_Exercise data:_
================

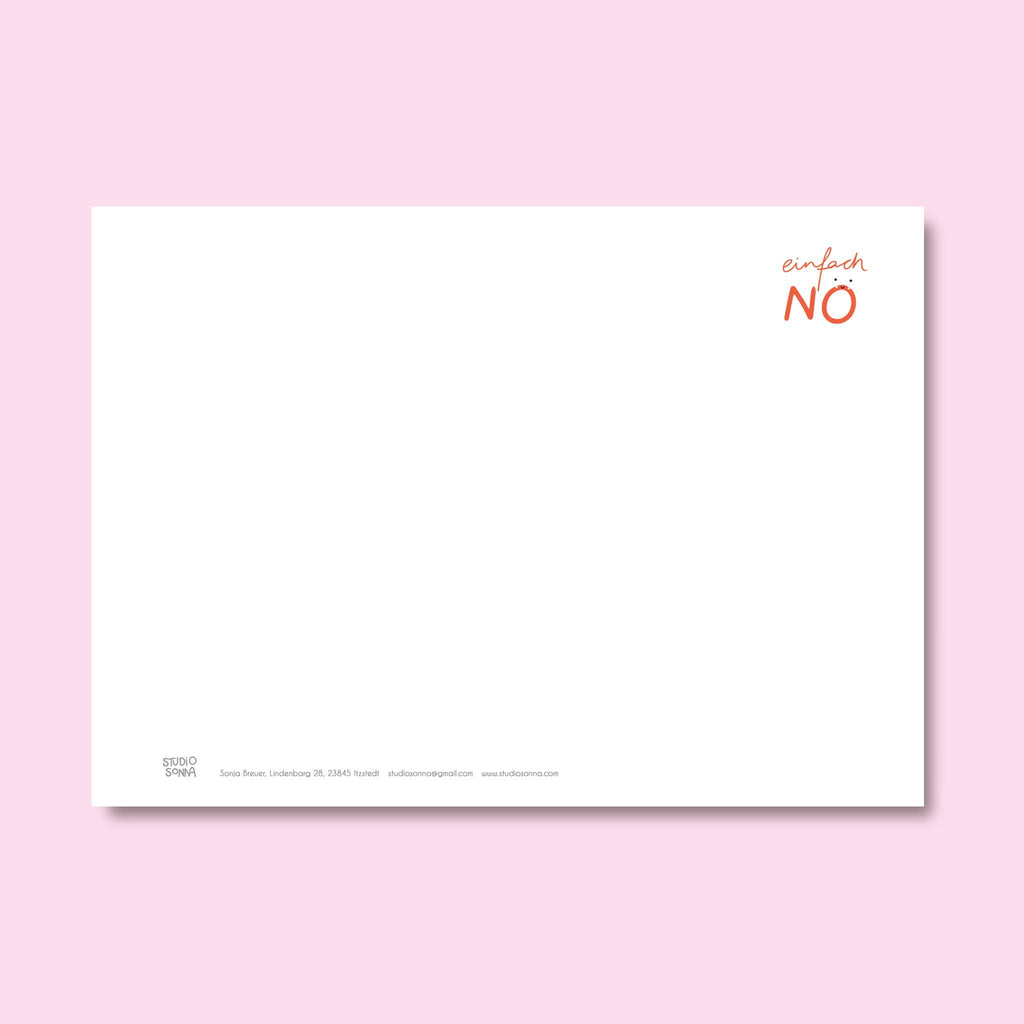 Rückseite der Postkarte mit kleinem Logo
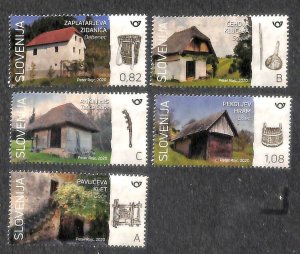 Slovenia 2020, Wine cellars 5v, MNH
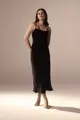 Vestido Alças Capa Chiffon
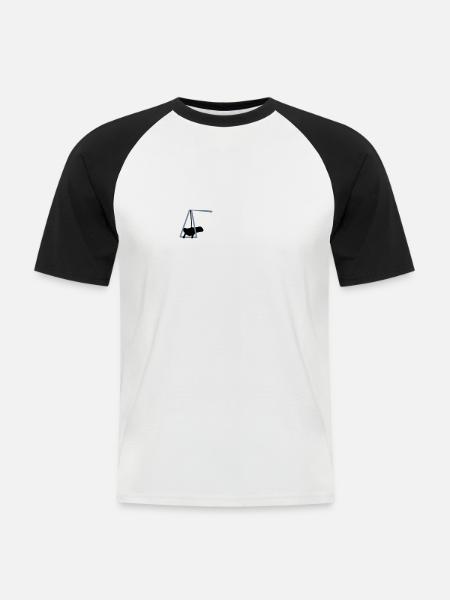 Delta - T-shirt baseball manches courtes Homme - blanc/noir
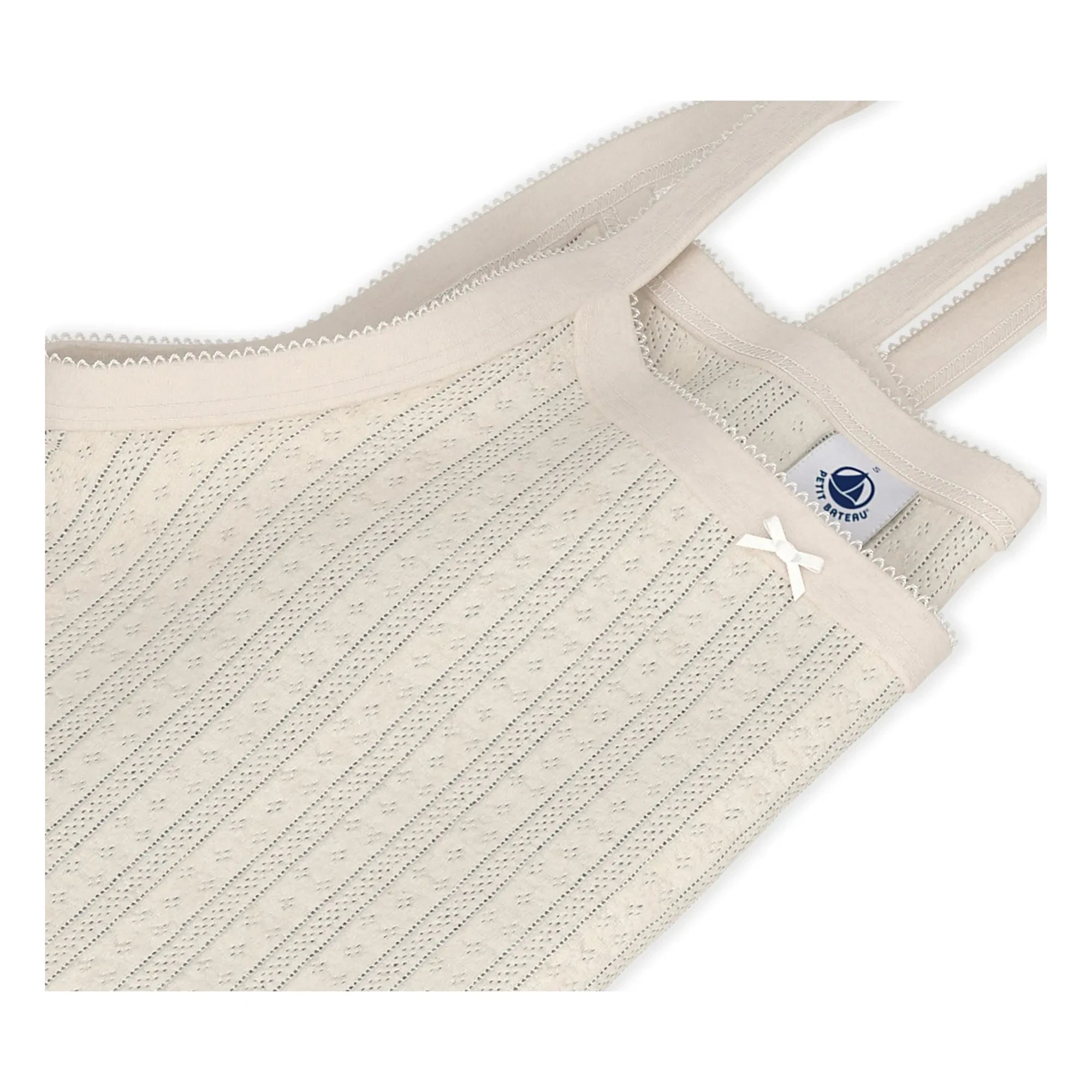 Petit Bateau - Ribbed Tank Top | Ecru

================

_What is required:_
Return only the lines from the one containing "Slovenia 2020, Wine cellars 5v, MNH" through the last line of the entries above, exactly as written and without pictures.

_Result below:_
 Slovenia 2020, Wine cellars 5v, MNH
 Vestido Alças Capa Chiffon
 Delta - T-shirt baseball manches courtes Homme - blanc/noir
 Petit Bateau - Ribbed Tank Top | Ecru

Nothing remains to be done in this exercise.